Holmgren still feeling Super Bowl pain

The Associated Press

ORLANDO, Fla. – Nearly two months after his Seattle Seahawks lost the Super Bowl, Mike Holmgren is still feeling the pain.

Especially about the officiating.

"To have the story of the Super Bowl be the officials, that is crazy," Holmgren said today.

Holmgren wasn't pounding-the-table angry. He was his normal self: calm, rational, even a little laid-back. But he said he still is stung by the 21-10 loss to the Pittsburgh Steelers, in part because he knows his team didn't play very well; in part because of a series of calls that went against the Seahawks at critical times in the game.

Holmgren, entering the last year of his contract with the Seahawks, also said today he will decide in the next month or so whether he wants to extend the deal. "I wanted us to win the Super Bowl and ride off on a white horse," he said, adding that his wife Kathy would have a say in the decision.

"She's always concerned about my health," he said, adding "I'm feeling good right now."

Holmgren has complained about the Super Bowl officiating before.

At a rally at Qwest Field after the team returned from the game in Detroit, he told the fans: "We knew it was going to be tough going up against the Pittsburgh Steelers. I didn't know we were going to have to play the guys in the striped shirts, as well."

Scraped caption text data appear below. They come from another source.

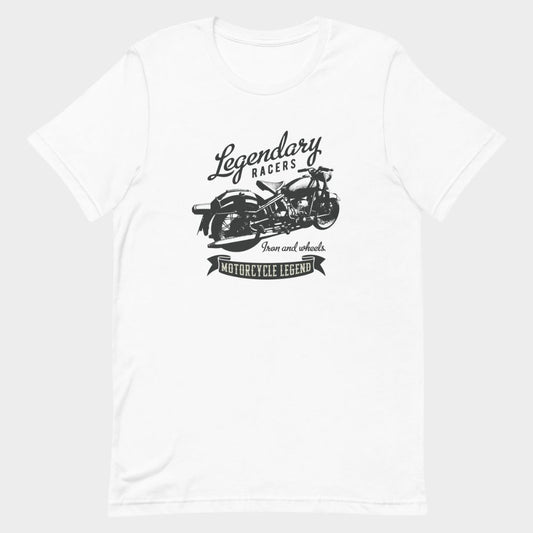 LouVoyage - T-shirt Men - Legendary Racer - White - XS/3XL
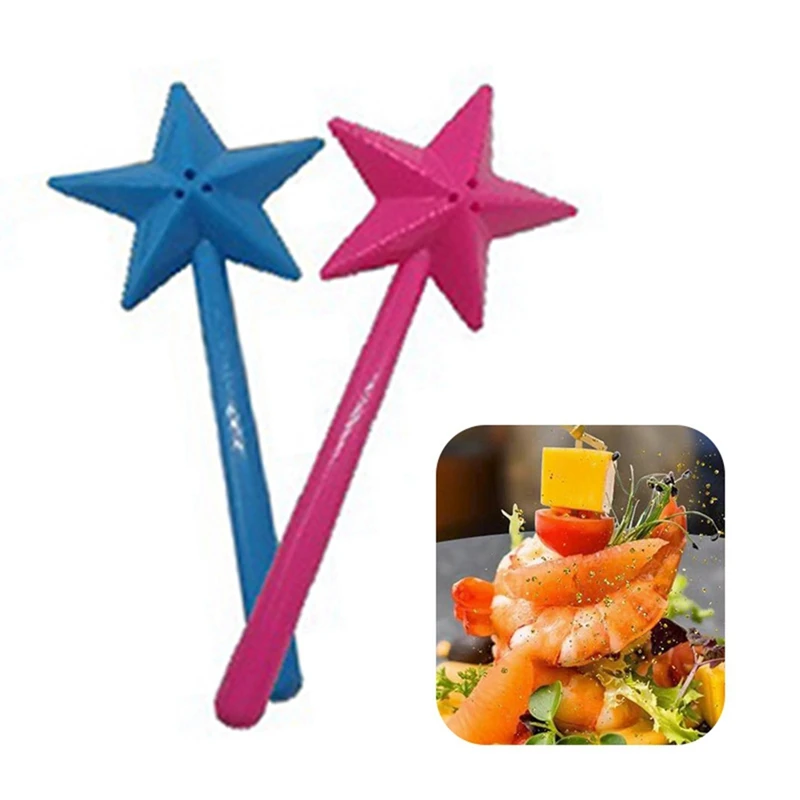 10Pcs Three-Hole Star Seasoning Magic Wand Kitchen Seasoning Gadgets Crushers Salt Shaker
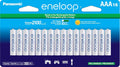 eneloop AAA Rechargeable Batteries 16 Pack - Long Lasting Power
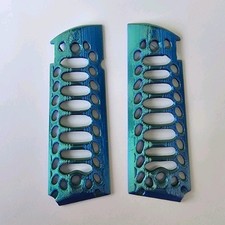 BLUE GREEN Skeleton 1911 Grips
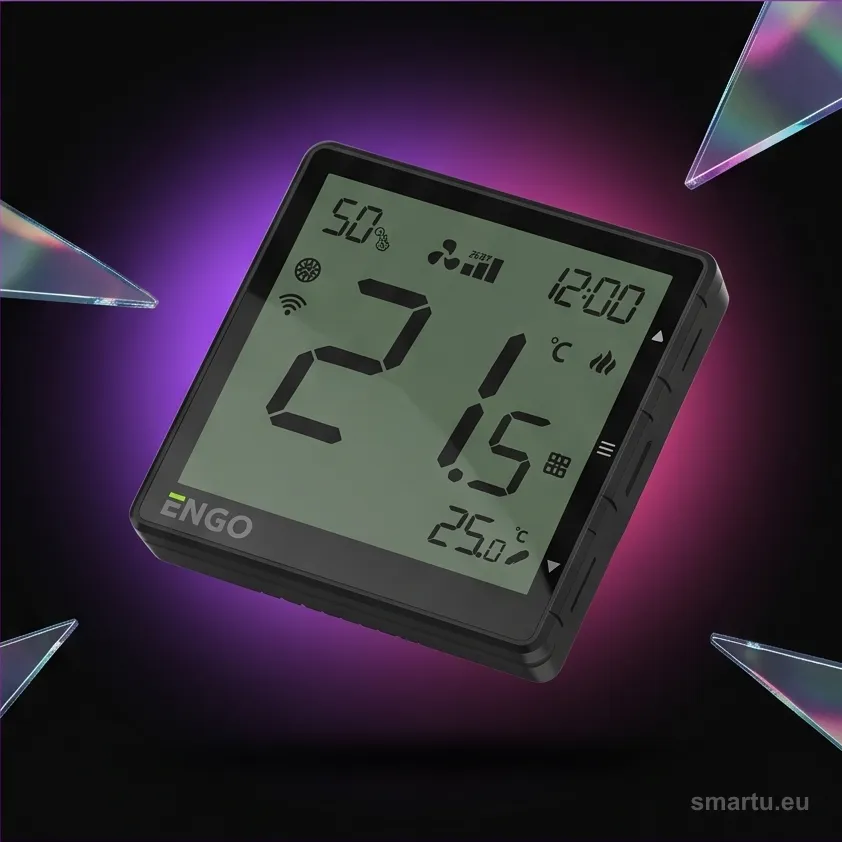 ENGO Controls EFAN-230B regulator klimakonwektorów Wi-Fi 230V podtynkowy internetowy czarny ENGO Controls EFAN-230B regulator klimakonwektorów Wi-Fi 230V podtynkowy internetowy czarny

Holmgren was not fined by the league for those remarks, even though most coaches are disciplined when they publicly criticize officiating.

Commissioner Paul Tagliabue said today that he had a letter from his staff sitting on his desk informing Holmgren that he was being fined. But, remembering Holmgren's contributions to the league during his 14 seasons in Green Bay and Seattle — and how much Holmgren helped Tagliabue do his job — the commissioner never mailed it.

"So I adhered to a rule that I learned long ago that the first draft of a letter is better put in the trash can," the commissioner said. "The issue is resolved."

Holmgren said that as he watched the Super Bowl unfold, he kept thinking: "We're due (for a call)."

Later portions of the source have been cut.